**Exercise directions:**
Among the lines below, a stretch begins at the one with "Portraitfoto Daniel Czipin" and ends at the one with "预算在2000元以内，可以看看这几款手机，性价比很不错（最新版）". Repeat that stretch exactly, ends included.

**Records supplied:**
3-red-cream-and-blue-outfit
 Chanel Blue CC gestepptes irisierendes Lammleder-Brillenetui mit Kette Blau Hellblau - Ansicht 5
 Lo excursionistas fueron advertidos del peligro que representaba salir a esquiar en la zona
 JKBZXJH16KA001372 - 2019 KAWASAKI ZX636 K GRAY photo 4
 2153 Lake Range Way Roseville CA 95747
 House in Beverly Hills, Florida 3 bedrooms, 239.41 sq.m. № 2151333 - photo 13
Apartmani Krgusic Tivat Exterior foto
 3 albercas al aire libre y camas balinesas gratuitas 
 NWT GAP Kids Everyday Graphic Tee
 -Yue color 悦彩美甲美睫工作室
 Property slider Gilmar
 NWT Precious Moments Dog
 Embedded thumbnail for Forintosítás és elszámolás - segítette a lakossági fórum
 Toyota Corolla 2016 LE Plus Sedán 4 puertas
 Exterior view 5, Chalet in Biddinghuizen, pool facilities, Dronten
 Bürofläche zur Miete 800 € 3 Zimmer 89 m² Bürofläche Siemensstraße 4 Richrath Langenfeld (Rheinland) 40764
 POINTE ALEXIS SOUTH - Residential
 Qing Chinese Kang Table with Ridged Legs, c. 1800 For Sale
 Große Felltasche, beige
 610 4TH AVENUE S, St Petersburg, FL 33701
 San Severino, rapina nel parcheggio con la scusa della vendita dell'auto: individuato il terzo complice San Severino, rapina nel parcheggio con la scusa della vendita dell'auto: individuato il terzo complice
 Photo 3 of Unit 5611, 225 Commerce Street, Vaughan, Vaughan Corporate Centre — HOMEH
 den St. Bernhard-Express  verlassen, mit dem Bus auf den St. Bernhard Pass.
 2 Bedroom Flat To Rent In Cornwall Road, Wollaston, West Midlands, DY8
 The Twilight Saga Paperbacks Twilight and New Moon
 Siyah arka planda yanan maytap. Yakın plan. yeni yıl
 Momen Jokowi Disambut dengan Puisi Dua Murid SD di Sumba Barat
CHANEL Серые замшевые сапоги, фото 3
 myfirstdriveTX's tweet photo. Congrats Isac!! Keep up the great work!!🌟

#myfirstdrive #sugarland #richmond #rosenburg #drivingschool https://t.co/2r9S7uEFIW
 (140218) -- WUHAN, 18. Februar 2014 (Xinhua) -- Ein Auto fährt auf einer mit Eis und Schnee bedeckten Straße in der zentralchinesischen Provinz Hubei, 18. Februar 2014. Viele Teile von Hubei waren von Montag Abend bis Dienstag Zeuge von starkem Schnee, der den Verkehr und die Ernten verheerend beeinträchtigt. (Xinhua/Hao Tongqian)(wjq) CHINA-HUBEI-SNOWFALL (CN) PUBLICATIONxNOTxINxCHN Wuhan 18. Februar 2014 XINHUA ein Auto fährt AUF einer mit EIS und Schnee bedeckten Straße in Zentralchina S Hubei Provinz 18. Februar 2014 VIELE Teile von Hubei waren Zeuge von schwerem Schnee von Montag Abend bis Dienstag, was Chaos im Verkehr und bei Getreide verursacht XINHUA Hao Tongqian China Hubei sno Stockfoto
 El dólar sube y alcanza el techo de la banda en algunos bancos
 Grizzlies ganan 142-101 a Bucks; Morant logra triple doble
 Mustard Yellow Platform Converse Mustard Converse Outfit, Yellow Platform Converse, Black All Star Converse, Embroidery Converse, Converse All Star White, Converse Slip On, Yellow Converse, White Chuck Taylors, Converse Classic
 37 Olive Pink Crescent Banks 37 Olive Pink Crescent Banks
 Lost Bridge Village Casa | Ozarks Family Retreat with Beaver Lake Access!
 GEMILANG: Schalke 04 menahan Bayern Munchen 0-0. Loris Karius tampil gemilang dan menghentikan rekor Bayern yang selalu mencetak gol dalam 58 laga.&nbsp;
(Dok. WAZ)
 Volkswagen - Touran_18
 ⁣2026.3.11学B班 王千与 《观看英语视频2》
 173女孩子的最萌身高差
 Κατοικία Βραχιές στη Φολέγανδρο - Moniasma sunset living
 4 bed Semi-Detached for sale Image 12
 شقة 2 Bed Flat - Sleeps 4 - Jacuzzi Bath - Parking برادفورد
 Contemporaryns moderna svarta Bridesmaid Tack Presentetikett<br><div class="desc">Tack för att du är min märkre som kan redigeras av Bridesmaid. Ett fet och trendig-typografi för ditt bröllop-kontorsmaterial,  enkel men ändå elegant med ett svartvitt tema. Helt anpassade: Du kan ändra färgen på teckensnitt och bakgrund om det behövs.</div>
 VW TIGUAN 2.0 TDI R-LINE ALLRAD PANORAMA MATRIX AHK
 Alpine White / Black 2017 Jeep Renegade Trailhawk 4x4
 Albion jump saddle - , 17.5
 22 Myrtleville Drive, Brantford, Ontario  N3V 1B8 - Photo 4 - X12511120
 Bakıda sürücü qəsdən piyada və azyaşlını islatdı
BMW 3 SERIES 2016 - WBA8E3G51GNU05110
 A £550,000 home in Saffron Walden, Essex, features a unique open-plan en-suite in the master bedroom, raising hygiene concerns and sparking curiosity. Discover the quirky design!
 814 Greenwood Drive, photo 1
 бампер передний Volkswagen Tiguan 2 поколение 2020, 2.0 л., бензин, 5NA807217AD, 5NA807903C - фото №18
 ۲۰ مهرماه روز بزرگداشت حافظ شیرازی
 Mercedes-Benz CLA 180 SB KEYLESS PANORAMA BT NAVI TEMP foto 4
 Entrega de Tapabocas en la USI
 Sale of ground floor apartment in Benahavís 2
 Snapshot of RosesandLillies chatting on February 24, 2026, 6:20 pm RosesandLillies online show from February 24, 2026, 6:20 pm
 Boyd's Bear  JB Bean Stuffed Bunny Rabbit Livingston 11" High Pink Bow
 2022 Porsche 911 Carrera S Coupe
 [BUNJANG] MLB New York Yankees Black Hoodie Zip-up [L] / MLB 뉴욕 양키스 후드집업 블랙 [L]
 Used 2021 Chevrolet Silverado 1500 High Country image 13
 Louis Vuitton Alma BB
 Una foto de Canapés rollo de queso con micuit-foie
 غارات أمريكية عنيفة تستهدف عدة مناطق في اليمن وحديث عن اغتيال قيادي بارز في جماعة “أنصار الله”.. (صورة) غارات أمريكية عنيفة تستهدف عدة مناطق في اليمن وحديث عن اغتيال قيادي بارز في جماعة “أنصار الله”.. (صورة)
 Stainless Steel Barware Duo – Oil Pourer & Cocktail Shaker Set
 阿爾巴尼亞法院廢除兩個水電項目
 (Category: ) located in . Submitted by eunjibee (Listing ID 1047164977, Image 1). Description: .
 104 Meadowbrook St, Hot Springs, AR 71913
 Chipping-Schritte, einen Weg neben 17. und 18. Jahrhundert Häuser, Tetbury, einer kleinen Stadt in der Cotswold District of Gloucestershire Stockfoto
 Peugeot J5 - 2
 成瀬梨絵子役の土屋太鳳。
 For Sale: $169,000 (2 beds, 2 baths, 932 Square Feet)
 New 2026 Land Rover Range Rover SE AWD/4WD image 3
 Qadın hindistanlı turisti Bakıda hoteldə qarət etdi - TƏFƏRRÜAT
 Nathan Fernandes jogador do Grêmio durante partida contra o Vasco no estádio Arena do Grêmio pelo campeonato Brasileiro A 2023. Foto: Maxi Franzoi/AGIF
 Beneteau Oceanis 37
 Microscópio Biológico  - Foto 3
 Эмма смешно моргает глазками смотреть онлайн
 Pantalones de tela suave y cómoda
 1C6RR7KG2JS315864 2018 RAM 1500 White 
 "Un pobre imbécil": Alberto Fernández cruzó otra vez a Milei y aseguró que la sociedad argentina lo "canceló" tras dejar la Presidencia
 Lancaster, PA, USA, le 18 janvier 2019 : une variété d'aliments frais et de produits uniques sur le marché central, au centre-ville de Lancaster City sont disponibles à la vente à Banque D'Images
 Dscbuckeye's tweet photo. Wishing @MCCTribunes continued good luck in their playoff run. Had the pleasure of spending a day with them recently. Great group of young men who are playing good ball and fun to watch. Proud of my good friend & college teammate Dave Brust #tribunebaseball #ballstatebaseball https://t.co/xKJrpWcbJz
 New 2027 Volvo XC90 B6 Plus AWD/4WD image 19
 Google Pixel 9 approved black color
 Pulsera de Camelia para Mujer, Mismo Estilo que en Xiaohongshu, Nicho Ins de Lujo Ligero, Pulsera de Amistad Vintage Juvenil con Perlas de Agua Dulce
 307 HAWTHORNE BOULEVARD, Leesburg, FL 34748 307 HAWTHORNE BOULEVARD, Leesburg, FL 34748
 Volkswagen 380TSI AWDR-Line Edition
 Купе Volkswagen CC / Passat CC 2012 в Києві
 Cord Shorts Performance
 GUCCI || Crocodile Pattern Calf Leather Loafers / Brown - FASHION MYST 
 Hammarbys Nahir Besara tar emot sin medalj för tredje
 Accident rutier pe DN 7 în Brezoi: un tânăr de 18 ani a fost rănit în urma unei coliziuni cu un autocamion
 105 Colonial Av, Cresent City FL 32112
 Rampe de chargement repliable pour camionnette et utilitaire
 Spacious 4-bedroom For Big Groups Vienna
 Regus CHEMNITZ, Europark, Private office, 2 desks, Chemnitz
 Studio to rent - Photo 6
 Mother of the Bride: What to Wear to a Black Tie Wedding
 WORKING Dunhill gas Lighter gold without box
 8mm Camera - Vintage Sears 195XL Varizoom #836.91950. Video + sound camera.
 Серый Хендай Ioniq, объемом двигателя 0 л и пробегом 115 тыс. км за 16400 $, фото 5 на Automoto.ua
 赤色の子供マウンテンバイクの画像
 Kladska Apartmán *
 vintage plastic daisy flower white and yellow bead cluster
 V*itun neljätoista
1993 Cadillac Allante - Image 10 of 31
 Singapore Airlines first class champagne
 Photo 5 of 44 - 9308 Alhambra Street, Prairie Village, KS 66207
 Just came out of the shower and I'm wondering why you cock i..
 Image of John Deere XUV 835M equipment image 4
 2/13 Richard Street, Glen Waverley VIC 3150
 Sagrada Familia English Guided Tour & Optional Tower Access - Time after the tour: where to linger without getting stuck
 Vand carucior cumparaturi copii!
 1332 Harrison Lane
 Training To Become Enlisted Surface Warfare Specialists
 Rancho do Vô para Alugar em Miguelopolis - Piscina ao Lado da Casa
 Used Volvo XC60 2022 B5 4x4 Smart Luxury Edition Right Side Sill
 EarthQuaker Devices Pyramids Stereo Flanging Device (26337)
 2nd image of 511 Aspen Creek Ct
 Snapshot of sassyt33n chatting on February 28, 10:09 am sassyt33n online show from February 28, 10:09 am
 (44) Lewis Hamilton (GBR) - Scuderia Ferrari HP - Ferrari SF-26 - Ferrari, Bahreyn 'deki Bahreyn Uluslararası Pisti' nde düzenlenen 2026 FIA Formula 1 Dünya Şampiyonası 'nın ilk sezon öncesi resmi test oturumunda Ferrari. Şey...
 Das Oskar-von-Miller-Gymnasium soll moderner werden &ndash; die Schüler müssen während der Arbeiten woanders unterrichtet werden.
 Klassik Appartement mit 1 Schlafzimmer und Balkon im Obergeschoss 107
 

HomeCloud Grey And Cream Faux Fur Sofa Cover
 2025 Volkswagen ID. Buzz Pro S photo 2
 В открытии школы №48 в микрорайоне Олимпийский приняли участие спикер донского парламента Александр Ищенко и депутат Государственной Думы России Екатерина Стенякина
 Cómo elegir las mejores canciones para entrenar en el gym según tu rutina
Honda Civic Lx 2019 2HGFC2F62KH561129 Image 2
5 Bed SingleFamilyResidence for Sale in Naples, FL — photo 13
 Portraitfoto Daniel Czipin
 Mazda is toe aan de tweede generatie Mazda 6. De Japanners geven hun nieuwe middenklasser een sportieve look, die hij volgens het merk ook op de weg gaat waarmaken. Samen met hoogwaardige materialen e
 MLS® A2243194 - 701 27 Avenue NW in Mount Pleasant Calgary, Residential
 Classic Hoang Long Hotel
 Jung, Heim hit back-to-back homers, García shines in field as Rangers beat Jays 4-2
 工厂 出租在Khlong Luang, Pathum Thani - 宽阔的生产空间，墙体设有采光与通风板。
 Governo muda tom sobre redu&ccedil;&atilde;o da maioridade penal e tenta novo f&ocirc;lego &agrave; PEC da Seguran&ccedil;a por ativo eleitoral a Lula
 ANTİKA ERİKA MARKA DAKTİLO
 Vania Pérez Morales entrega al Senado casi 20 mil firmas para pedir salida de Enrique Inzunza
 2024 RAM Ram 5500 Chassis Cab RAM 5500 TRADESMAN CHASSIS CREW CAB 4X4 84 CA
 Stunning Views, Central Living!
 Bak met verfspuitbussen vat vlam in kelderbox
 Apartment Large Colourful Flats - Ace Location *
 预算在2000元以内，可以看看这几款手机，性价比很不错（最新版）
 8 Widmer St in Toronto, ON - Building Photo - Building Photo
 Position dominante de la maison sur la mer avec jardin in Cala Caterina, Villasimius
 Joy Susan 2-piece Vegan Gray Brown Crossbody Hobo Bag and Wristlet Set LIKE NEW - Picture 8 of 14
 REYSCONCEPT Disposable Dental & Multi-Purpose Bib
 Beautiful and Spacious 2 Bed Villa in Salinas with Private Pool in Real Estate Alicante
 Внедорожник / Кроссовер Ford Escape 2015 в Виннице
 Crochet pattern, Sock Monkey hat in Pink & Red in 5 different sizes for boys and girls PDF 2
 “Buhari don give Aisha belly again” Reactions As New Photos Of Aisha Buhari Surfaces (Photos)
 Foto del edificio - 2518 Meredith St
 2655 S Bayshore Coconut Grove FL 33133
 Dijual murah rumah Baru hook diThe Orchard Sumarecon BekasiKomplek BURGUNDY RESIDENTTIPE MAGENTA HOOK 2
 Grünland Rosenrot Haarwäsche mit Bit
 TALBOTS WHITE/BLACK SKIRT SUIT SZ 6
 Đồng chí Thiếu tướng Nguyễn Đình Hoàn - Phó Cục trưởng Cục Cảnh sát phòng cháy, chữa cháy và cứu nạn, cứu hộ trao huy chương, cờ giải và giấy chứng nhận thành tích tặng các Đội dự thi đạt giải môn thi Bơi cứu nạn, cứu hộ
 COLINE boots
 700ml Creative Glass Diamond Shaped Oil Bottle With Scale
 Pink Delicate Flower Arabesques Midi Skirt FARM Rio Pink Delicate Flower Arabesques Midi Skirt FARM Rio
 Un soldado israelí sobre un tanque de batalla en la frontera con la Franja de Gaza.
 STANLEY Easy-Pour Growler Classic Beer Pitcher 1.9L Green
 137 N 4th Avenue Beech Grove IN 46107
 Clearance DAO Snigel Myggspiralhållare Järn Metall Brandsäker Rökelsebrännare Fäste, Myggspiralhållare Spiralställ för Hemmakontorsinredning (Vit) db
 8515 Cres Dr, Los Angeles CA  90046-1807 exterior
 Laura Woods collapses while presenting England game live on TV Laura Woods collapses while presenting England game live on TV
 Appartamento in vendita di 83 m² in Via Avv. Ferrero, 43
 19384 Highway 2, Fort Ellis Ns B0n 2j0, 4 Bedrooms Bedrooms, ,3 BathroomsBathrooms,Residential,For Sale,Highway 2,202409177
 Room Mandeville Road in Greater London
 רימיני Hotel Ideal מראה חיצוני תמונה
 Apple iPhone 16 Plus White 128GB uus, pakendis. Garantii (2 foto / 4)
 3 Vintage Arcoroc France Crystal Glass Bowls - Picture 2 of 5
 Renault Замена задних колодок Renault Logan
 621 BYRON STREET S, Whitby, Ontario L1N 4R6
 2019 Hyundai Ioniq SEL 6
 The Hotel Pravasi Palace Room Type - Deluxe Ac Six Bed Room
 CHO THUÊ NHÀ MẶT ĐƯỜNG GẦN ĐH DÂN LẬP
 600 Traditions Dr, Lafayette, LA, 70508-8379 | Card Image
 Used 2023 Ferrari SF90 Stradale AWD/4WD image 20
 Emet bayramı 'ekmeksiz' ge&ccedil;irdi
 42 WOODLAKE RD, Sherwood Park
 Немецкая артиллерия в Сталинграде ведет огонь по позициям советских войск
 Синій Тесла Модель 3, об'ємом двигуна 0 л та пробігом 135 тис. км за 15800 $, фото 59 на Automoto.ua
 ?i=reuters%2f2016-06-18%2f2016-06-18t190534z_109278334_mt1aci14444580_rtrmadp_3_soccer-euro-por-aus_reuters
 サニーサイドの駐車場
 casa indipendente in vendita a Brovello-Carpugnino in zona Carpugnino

**Solution:**
 Portraitfoto Daniel Czipin
 Mazda is toe aan de tweede generatie Mazda 6. De Japanners geven hun nieuwe middenklasser een sportieve look, die hij volgens het merk ook op de weg gaat waarmaken. Samen met hoogwaardige materialen e
 MLS® A2243194 - 701 27 Avenue NW in Mount Pleasant Calgary, Residential
 Classic Hoang Long Hotel
 Jung, Heim hit back-to-back homers, García shines in field as Rangers beat Jays 4-2
 工厂 出租在Khlong Luang, Pathum Thani - 宽阔的生产空间，墙体设有采光与通风板。
 Governo muda tom sobre redu&ccedil;&atilde;o da maioridade penal e tenta novo f&ocirc;lego &agrave; PEC da Seguran&ccedil;a por ativo eleitoral a Lula
 ANTİKA ERİKA MARKA DAKTİLO
 Vania Pérez Morales entrega al Senado casi 20 mil firmas para pedir salida de Enrique Inzunza
 2024 RAM Ram 5500 Chassis Cab RAM 5500 TRADESMAN CHASSIS CREW CAB 4X4 84 CA
 Stunning Views, Central Living!
 Bak met verfspuitbussen vat vlam in kelderbox
 Apartment Large Colourful Flats - Ace Location *
 预算在2000元以内，可以看看这几款手机，性价比很不错（最新版）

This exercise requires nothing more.